湯屋番
3行でわかるあらすじ
大家の若旦那が遊びが過ぎて勘当され、大工の熊五郎の家に居候するが女房に迷惑がられて湯屋で働くことになる。
番台に座って妄想の一人芝居を演じ、2号さんとの恋愛劇を勝手に展開して客を魅了してしまう。
客が夢中になって見ているうちに下駄が混乱し、「順々にはかせて、一番しまいは裸足で帰します」というオチ。
10行でわかるあらすじとオチ
大家の遊び人の若旦那が遊び過ぎて勘当され、出入りの大工職人熊五郎の家の2階に居候している。
何もしないで食っちゃ寝ているので熊さんの女房が迷惑し、熊さんに若旦那の仕事探しをせっつく。
熊さんが湯屋奉公を勧めると、若旦那は外回りでリヤカーを引く仕事を断り、番台に座ると言い出す。
昼飯時に鉄五郎の代わりに番台に座ることになり、女湯を期待するがガラガラで男湯は混雑している。

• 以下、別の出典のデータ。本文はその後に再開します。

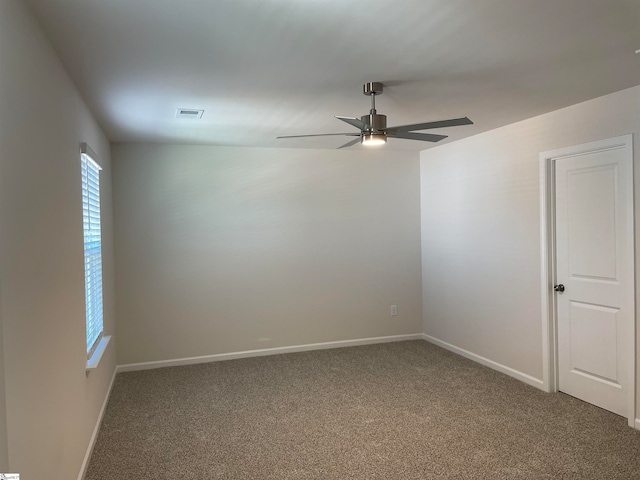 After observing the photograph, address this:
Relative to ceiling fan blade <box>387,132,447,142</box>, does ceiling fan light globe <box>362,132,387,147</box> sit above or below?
below

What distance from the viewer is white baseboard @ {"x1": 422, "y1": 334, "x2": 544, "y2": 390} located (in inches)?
160

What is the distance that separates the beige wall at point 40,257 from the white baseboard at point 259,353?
6.38 feet

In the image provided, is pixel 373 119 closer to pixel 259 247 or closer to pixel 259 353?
pixel 259 247

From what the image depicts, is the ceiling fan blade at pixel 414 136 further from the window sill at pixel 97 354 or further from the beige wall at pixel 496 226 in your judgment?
the window sill at pixel 97 354

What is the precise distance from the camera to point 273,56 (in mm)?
2461

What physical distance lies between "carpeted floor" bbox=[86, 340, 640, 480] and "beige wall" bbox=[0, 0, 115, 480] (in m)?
0.68

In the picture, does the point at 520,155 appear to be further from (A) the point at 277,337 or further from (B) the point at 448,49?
(A) the point at 277,337

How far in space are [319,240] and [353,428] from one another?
2560mm

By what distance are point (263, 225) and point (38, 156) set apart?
3312 mm

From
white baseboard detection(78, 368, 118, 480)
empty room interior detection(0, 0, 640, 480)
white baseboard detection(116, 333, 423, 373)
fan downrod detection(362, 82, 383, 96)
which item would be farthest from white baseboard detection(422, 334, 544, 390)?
white baseboard detection(78, 368, 118, 480)

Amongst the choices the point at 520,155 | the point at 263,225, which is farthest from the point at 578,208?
the point at 263,225

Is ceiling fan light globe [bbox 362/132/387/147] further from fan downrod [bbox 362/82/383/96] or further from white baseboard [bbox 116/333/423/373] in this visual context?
white baseboard [bbox 116/333/423/373]

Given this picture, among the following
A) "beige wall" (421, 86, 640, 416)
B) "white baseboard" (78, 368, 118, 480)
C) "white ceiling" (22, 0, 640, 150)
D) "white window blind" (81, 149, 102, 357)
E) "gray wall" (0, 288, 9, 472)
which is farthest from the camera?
"beige wall" (421, 86, 640, 416)

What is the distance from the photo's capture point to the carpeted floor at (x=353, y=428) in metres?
2.74
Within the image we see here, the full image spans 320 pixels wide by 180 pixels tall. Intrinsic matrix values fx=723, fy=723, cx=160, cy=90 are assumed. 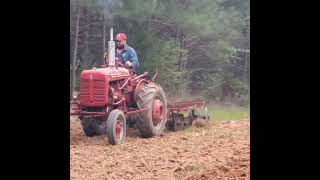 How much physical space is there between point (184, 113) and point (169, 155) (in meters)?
0.73

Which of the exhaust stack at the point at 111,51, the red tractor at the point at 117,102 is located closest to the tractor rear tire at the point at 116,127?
the red tractor at the point at 117,102

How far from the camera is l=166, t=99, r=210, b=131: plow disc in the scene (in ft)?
20.6

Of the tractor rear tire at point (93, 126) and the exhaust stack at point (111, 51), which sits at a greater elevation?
the exhaust stack at point (111, 51)

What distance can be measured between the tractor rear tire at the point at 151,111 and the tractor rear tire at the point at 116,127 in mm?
220

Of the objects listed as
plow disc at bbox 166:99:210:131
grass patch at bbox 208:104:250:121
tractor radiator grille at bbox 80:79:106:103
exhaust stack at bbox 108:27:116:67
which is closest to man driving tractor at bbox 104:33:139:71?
exhaust stack at bbox 108:27:116:67

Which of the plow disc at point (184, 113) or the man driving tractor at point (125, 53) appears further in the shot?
the plow disc at point (184, 113)

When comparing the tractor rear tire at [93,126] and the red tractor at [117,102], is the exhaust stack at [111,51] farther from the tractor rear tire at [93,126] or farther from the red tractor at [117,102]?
the tractor rear tire at [93,126]

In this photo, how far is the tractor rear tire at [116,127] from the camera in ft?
20.0

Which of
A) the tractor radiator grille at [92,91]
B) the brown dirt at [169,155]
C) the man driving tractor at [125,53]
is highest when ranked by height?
the man driving tractor at [125,53]

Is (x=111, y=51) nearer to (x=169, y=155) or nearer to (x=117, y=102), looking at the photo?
(x=117, y=102)

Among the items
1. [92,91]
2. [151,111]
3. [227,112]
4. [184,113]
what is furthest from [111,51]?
[227,112]

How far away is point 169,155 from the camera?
5965 millimetres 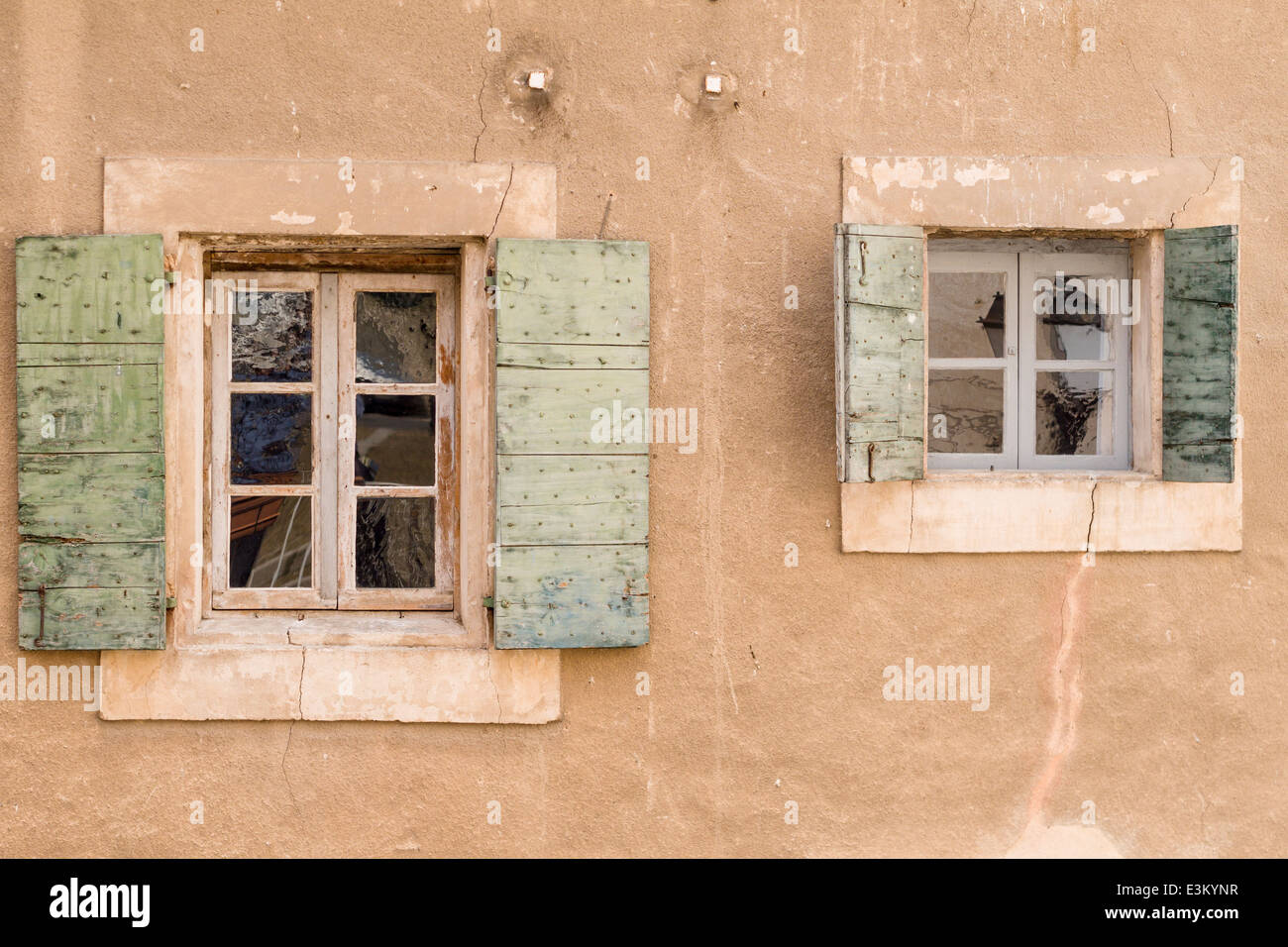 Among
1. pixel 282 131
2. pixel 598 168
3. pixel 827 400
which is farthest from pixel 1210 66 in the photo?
pixel 282 131

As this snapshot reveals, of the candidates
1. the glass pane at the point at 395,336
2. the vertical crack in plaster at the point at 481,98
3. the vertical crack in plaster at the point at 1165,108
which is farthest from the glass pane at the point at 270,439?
the vertical crack in plaster at the point at 1165,108

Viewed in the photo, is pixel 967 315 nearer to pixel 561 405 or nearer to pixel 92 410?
pixel 561 405

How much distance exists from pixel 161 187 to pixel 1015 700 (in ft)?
10.6

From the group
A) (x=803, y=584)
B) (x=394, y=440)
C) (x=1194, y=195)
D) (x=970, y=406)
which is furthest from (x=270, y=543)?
(x=1194, y=195)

汚いケツや毛むくじゃらの足ばかりであてが外れ、若旦那は妄想の世界に入り込む。
夕方、大会社の社長の2号さんが女中の清と湯屋に来て若旦那を見初める設定で一人芝居を始める。
2号さんの家に引っ張り込まれ酒を飲み、雷で2号さんが癪を起こして気絶する場面まで演じる。
若旦那が盃洗の水を口移しで飲ませる演技をし、2号さんとの恋愛劇が佳境に入る。
客が夢中になって軽石で顔をこすり血だらけになるほど見入っているうちに下駄が混乱してしまう。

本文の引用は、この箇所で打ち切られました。